A Study of Glycemic, Insulinemic and Lipidemic Abnormalities in Controlled vs. Uncontrolled T2dm with Particular Reference to Hba1c% Level

Amrita Bhowmik^1,2, Mossihuzzaman Mohammed³, Begum Rokeya^4* and Yearul Kabir^2
*Correspondence: Begum Rokeya, Department of Pharmacology, Bangladesh University of Health Sciences, 1 Darus Salam Rd, Dhaka 1216, Bangladesh, Email:

Keywords

T2DM • HbA1c% • Glucose • Insulin • Lipid profiles • Creatinine

Introduction

Diabetes Mellitus (DM) encompasses a spectrum of metabolic disorders characterized by persistent hyperglycemia, resulting from diminished insulin secretion, impaired glucose utilization, and excessive glucose production. These metabolic imbalances lead to secondary complications across various organ systems, including neuropathy, nephropathy, retinopathy, cardiovascular and cerebrovascular diseases and diseases related to peripheral vessels and others [1]. Individuals with diabetes face an elevated risk of severe health outcomes such as myocardial infarction, stroke, renal failure, and vision loss, especially with prolonged disease duration.

Haemoglobin A1c (HbA1c) serves as a reliable indicator of average blood glucose levels in fasting and postprandial states and is widely employed for monitoring chronic glycaemia in diabetes management [2]. Insulin resistance, a hallmark of Type 2 Diabetes Mellitus (T2DM), has long been associated with obesity, metabolic syndrome, hypertension, and cardiovascular diseases [3,4]. HbA1c levels are also considered a key marker for assessing glycaemic control and cardiovascular risk, with studies indicating an 18% increase in Cardiovascular Disease (CVD) risk for every 1% rise in HbA1c levels [5-8].

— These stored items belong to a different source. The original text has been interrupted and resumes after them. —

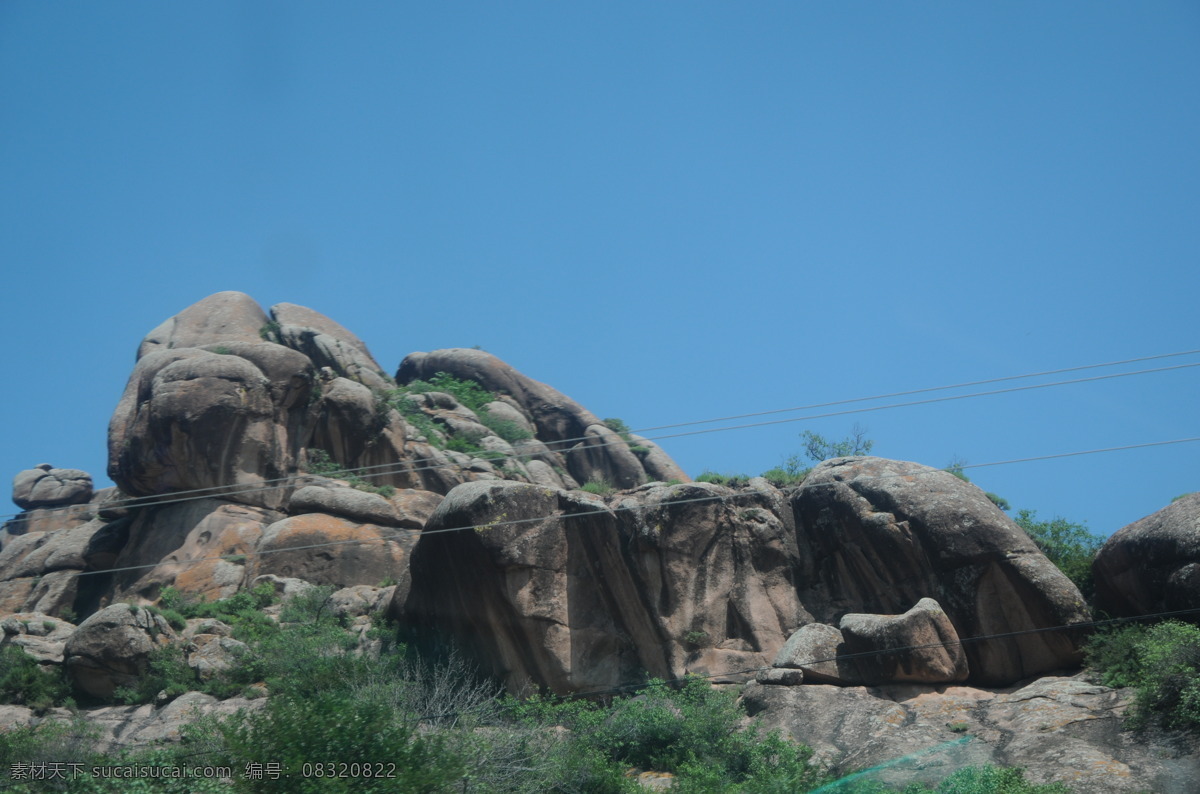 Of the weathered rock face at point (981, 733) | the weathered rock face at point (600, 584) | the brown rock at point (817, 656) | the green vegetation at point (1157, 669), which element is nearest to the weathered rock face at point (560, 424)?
the weathered rock face at point (600, 584)

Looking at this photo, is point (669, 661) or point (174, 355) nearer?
point (669, 661)

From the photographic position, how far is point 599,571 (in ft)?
89.9

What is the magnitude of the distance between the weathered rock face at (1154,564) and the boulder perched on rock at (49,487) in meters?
40.5

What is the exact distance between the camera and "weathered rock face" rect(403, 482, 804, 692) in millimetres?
26281

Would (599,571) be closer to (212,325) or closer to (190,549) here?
(190,549)

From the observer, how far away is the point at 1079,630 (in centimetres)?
2353

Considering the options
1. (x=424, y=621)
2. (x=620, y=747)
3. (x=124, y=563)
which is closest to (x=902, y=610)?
(x=620, y=747)

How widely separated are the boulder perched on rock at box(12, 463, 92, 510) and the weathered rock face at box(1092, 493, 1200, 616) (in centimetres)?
4048

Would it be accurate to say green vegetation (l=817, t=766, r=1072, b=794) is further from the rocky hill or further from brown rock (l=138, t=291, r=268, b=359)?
brown rock (l=138, t=291, r=268, b=359)

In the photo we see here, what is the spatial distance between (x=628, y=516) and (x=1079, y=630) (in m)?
10.6

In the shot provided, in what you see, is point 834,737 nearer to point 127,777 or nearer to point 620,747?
point 620,747

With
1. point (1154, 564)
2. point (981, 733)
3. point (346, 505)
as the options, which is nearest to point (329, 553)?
point (346, 505)

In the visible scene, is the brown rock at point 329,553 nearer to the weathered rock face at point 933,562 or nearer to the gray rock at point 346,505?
the gray rock at point 346,505

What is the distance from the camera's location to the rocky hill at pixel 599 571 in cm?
2297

Moreover, impaired insulin function and relative insulin deficiency disrupt plasma lipid profiles, increasing the risk of atherosclerosis and coronary artery disease [9]. Research suggests a significant relationship between HbA1c and lipid markers such as Total Cholesterol (TC), Low-Density Lipoprotein (LDL), and Triglycerides (TGs) [10-13]. Although some studies report no association [14]. This study aims to evaluate Fasting Blood Glucose (FBG), fasting insulin, HbA1c, lipid profiles, and serum creatinine in diabetic patients. It also seeks to compare insulin indices and lipid profiles between controlled and uncontrolled diabetes groups while examining complications based on diabetes duration.

Materials and Methods

Study subject

It was a cross-sectional prospective study. Three fifty-seven Bangladeshi T2DM subjects were randomly enrolled from the OPD of a tertiary care hospital. Subjects were classified according to HbA1c% level (controlled T2DM group HbA1c≤7.0%: 143 subjects and uncontrolled group HbA1c>7.0%: 214 Subjects) [15]. The objectives of the study were explained to the participants. Before participating in the study, each patient gave informed written consent and a questionnaire covering physical and clinical information. The institutional ethical committee approved the protocol for conducting the study according to the declaration of WMA (2013) [16].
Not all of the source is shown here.